II- Integra o conceito de negligência grosseira do artigo
136 n.2 do Código Penal de 1982 e do artigo 137 n.2 do Código Penal de 1995, a conduta do arguido que, conduzindo o seu veículo automóvel pelo menos a 70 km/h, num local por si conhecido ( debaixo de um viaduto para comboios), onde sabia existir uma passadeira, utilizada pelas pessoas que usavam as paragens de autocarro existentes por baixo do viaduto, não reparou que um peão atravessava a dita passadeira, vindo a colhê-lo sem ter empreendido qualquer manobra de travagem antes do atropelamento mortal, sendo que não conduzia com o cuidado e atenção devidos.
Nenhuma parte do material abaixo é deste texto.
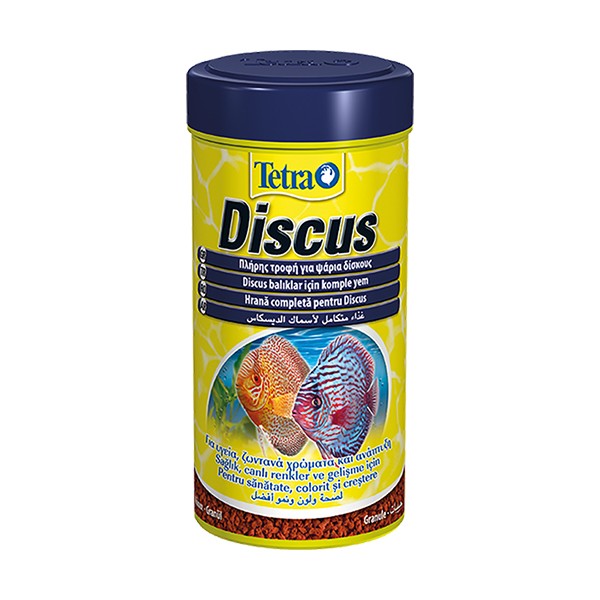 Tetra Discus Akvaryum Balık Yemi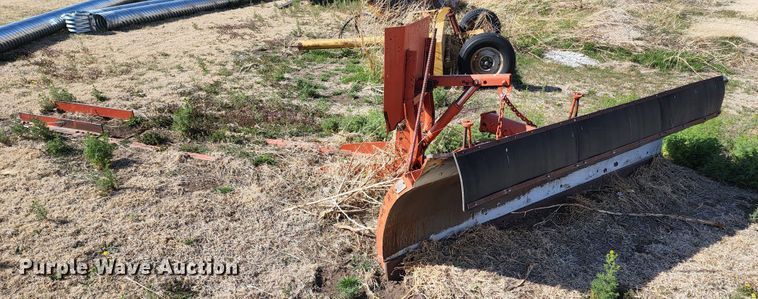 image for item GL9017 1976 Chevrolet C60  dump truck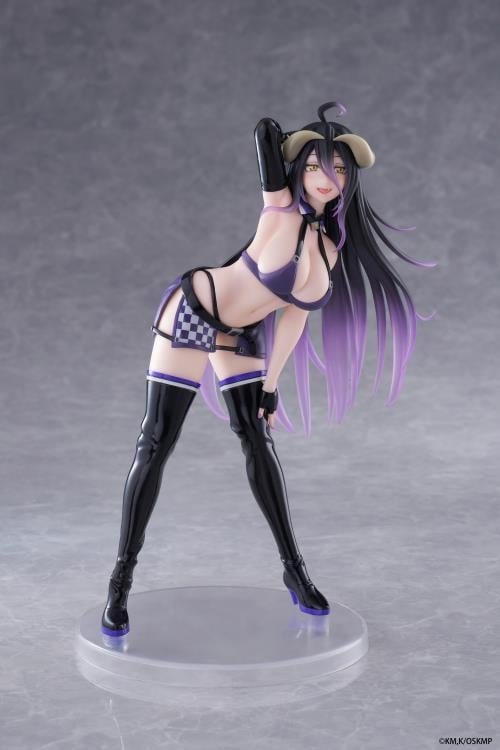 Overlord Albedo (Grid Girl Ver.) Coreful Figure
III- Tendo o acidente ocorrido em 20 de Outubro de 1992, haverá que concluirser o regime do Código da Estrada de 1954, revogado pelo Decreto-Lei n.114/94, de 3 deMaio, que mais favorece o arguido e por isso aplicável, mostrando-se correcta a pena de 12 meses de prisão e
120 dias de multa, devendo a pena de prisão ser declarada suspensa na sua execução pelo período de
4 anos, a que acresce a medida de inibição de conduzir pelp período de 9 meses.
IV- Na aplicação da lei penal mais favorável deve escolher-se em bloco um dos regimes em confronto, não sendo lícito respigar deles disposições isoladas.